[Records for the exercise]

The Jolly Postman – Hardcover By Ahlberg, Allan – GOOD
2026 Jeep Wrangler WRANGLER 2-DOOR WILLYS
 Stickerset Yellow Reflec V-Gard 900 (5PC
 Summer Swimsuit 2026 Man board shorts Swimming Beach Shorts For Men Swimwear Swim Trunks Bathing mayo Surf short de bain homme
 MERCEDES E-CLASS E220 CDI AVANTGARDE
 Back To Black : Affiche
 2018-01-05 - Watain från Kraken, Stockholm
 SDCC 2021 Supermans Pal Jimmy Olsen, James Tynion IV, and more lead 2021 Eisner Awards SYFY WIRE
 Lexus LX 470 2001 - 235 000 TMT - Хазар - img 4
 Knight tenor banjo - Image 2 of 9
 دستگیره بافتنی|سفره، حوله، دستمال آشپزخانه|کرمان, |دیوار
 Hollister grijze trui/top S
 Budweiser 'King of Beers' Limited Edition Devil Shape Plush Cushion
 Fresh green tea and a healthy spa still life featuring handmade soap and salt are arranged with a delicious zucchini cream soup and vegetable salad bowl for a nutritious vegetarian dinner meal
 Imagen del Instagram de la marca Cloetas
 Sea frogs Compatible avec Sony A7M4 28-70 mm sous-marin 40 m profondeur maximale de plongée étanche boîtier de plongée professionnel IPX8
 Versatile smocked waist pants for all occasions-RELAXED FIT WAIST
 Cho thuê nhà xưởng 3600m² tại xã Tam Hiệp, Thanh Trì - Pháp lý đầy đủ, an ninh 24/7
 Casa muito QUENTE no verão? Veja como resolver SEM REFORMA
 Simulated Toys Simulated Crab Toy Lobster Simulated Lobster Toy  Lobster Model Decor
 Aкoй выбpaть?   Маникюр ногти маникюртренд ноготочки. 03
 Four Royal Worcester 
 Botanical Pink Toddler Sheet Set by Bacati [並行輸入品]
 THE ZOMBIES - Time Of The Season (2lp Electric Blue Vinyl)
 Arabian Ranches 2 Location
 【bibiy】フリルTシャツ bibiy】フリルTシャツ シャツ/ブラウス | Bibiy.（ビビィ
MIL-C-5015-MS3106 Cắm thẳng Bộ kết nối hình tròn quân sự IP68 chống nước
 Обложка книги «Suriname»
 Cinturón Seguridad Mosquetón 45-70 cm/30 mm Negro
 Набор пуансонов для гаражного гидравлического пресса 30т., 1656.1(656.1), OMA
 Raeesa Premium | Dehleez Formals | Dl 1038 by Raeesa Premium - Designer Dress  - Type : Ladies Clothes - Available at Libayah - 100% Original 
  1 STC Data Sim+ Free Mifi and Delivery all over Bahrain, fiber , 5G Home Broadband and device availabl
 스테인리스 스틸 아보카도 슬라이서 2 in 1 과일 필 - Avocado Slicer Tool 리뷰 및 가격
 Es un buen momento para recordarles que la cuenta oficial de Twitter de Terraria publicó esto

[/Records for the exercise]

Reproduce only the lines above spanning from the line containing "2026 Jeep Wrangler WRANGLER 2-DOOR WILLYS" through the line containing "2018-01-05 - Watain från Kraken, Stockholm", word for word.

**Solution**
2026 Jeep Wrangler WRANGLER 2-DOOR WILLYS
 Stickerset Yellow Reflec V-Gard 900 (5PC
 Summer Swimsuit 2026 Man board shorts Swimming Beach Shorts For Men Swimwear Swim Trunks Bathing mayo Surf short de bain homme
 MERCEDES E-CLASS E220 CDI AVANTGARDE
 Back To Black : Affiche
 2018-01-05 - Watain från Kraken, Stockholm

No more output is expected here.